First, if FS is null string, gawk separates each char into its own field. gawk's doc has clearly written this, also in codes, we could see:
line 613:
* null_parse_field --- each character is a separate field
*
* This is called both from get_field() and from do_split()
* via (*parse_field)(). This variation is for when FS is the null string.
*/
static long
null_parse_field(long up_to,
If the FS has single character, awk won't consider it as regex. This was mentioned in doc too. Also in codes:
#line 667
* sc_parse_field --- single character field separator
*
* This is called both from get_field() and from do_split()
* via (*parse_field)().

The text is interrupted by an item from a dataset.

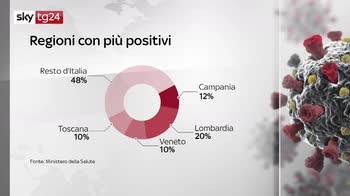 ERROR! Covid, bollettino: 5.724 nuovi casi, 29 decessi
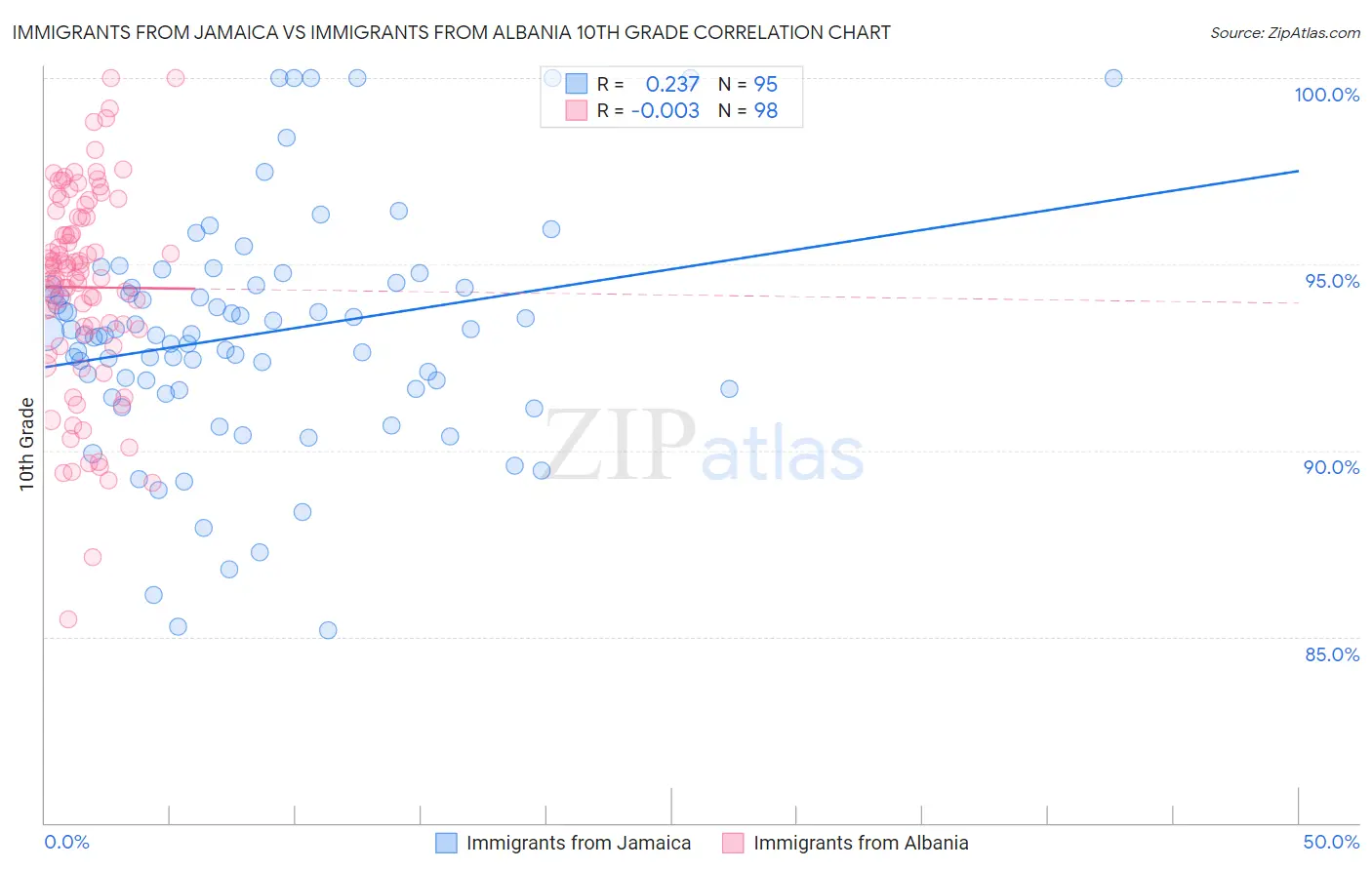 Immigrants from Jamaica vs Immigrants from Albania 10th Grade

This variation is for when FS is a single character
* other than space.
*/
static long
sc_parse_field(l
if we read the function, no regex match handling was done there.

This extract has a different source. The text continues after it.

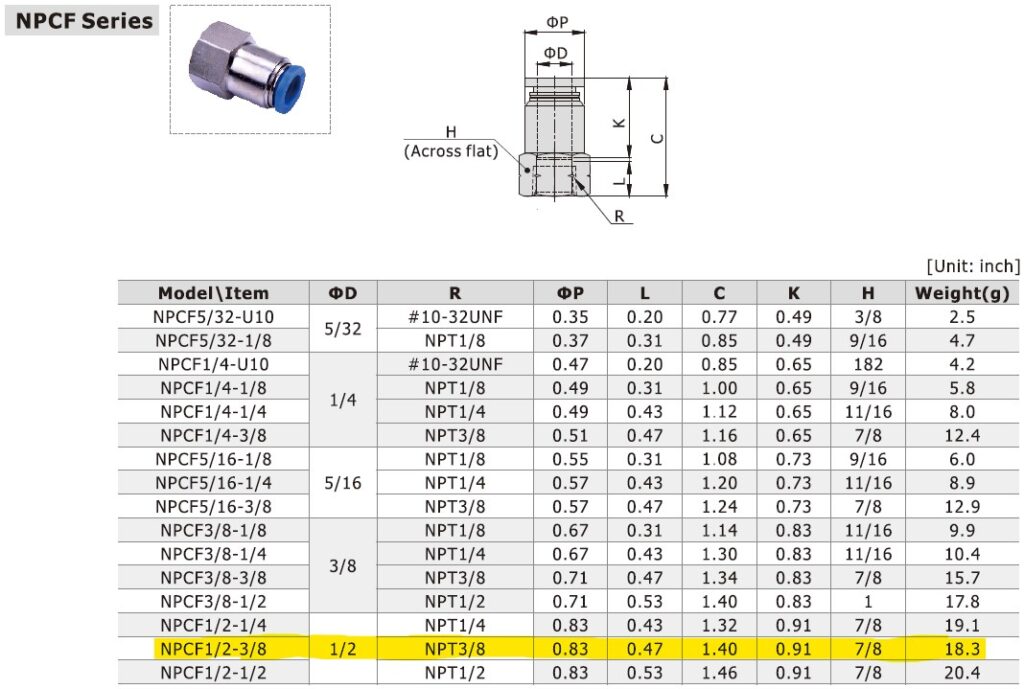 Dimensional Data for AirTAC NPCF1/2-3/8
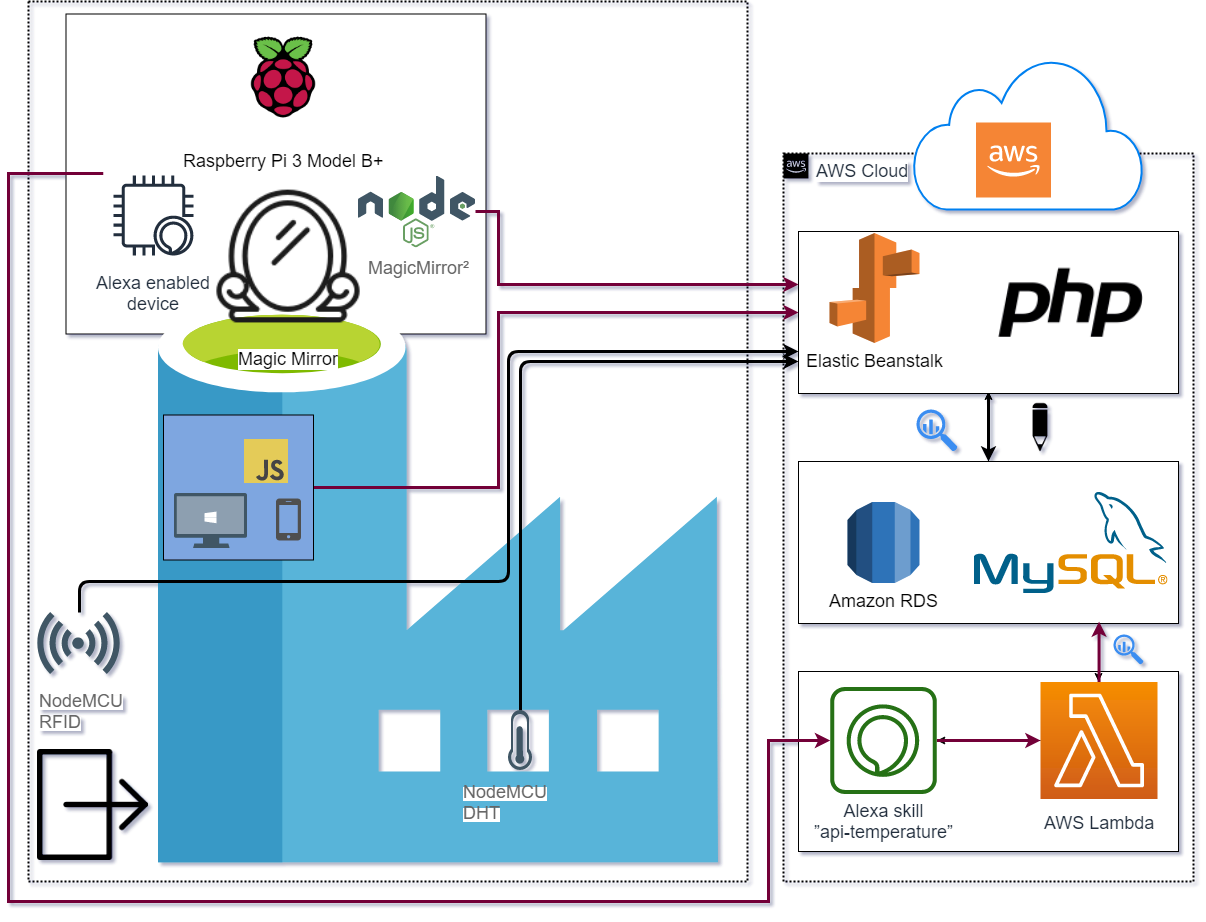 0_1569227386384_diagram1.png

In the comments of the function re_parse_field(), and sc_parse_field(), we see do_split invokes them too. It explains why we have 1 in following command instead of 3:
kent$ echo "foo"|awk '{split($0,a,/ */);print length(a)}'
1
Note, to avoid to make the post too long, I didn't paste the complete codes here, we can find the codes here:
http://git.savannah.gnu.org/cgit/gawk.git/
As was mentioned, an empty field separator generates undefined behavior; the same code will give different results on different platforms / flavors of awk. For example (all Mac OSX 10.8.5):
> echo hello | awk -F '' -v OFS=, '{$1 = NF OFS $1} 1'
awk: field separator FS is empty
1,hello
So awk complains, but keeps going.
Let's look at some other examples:
> echo hello | awk -F '.' -v OFS=, '{$1 = NF OFS $1} 1'
1,hello
A . by itself is not considered a regular expression
> echo hello | awk -F '[.]' -v OFS=, '{$1 = NF OFS $1} 1'
1,hello
Still nothing
> echo hello | awk -F '.?' -v OFS=, '{$1 = NF OFS $1} 1'
6,,,,,,
Now we have something like a regex: .? is "zero or one character". It is expanded to one character (which is consumed), so the output is "a whole lot of nothings"

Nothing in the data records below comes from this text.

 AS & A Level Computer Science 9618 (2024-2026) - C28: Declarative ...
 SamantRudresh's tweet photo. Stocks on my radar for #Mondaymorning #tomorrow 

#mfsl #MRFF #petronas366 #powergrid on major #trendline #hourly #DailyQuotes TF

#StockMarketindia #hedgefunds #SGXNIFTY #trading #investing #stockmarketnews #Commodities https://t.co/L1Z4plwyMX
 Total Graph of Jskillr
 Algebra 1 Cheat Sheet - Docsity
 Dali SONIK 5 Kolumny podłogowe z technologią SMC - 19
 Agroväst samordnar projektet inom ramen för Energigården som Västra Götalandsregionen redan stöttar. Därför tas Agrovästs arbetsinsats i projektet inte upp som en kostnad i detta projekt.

> echo hello | awk -F '*' -v OFS=, '{$1 = NF OFS $1} 1'
1,hello
Not a regular expression
> echo hello | awk -F '.*' -v OFS=, '{$1 = NF OFS $1} 1'
2,,
A regular expression that consumes the entire thing
> echo hello | awk -F 'l' -v OFS=, '{$1 = NF OFS $1} 1'
3,he,,o
Match the letter l twice - two empty strings
> echo hello | awk -F 'ell' -v OFS=, '{$1 = NF OFS $1} 1'
2,h,o
Match all of ell at once
> echo hello | awk -F '.?|' -v OFS=, '{$1 = NF OFS $1} 1'
awk: illegal primary in regular expression .?| at
input record number 1, file
source line number 1
Attempt to be clever: sometimes an | with empty string on one side will match "anything" but awk's regex engine doesn't like it.
Conclusion - the regular expressions cannot match "empty", and whatever is matched is consumed. Attempts to use (?:.) or even (?=.) generate errors.
It seems to be a special case in gawk.
Traditionally, the behavior of FS equal to "" was not defined. In this
case, most versions of Unix awk simply treat the entire record as only
having one field. (d.c.) In compatibility mode (see Options), if FS is
the null string, then gawk also behaves this way.
What POSIX has to say about this:
If FS is a null string, the behavior is unspecified.
So the gawk behaviour is implementation-specific and sort of explains why your two examples don't yield the same output.
Another data point: gawk and perl disagree on how to do this:
$ perl -E '$,=","; $s="hello"; $r=qr( *); #s=split($r,$s); say scalar(#s), #s'
5,h,e,l,l,o
$ gawk 'BEGIN {s="hello";r=" *";n=split(s,a,r); print n,a[n]; if (s~r) print "match"}'
1 hello
match
$ gawk 'BEGIN {s="hello";r=""; n=split(s,a,r); print n,a[n]; if (s~r) print "match"}'
5 o
match